Short web captions
★ ★ ★ ★ ★ ★ ★
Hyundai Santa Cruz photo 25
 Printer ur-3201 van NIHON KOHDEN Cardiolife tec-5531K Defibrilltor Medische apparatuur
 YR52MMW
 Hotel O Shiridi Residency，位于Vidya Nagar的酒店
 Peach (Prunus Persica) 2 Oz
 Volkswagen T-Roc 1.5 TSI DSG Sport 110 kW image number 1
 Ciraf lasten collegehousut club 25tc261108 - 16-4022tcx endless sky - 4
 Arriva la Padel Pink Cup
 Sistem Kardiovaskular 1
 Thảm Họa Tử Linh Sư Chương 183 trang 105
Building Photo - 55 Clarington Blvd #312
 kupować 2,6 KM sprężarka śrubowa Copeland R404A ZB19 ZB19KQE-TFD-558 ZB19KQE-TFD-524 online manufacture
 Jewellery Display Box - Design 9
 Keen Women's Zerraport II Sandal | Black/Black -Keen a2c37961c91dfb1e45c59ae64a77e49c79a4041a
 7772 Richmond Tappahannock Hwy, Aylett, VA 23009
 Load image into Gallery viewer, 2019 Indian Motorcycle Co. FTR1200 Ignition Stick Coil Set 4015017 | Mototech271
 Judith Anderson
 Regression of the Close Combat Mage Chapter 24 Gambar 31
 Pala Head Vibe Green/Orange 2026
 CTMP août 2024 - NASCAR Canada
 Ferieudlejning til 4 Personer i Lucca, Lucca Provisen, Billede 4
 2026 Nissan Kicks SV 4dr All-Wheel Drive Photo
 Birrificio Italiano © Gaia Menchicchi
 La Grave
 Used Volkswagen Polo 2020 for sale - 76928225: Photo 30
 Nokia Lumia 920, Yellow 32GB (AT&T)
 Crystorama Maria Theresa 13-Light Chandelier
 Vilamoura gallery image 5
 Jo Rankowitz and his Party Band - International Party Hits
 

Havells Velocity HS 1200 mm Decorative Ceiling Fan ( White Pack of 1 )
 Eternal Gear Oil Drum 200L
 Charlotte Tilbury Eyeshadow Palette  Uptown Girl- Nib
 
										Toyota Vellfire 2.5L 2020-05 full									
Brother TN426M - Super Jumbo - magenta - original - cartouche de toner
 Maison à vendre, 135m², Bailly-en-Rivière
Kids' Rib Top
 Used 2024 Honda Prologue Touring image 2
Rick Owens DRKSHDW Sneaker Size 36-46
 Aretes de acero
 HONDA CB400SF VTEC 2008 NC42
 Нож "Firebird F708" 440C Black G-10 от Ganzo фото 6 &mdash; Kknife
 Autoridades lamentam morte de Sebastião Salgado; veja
★ ★ ★ ★ ★ ★ ★
### Required action
The exercise is to copy out every line above that has the word "image" in it.

### The answer
 Volkswagen T-Roc 1.5 TSI DSG Sport 110 kW image number 1
 Load image into Gallery viewer, 2019 Indian Motorcycle Co. FTR1200 Ignition Stick Coil Set 4015017 | Mototech271
 Vilamoura gallery image 5
 Used 2024 Honda Prologue Touring image 2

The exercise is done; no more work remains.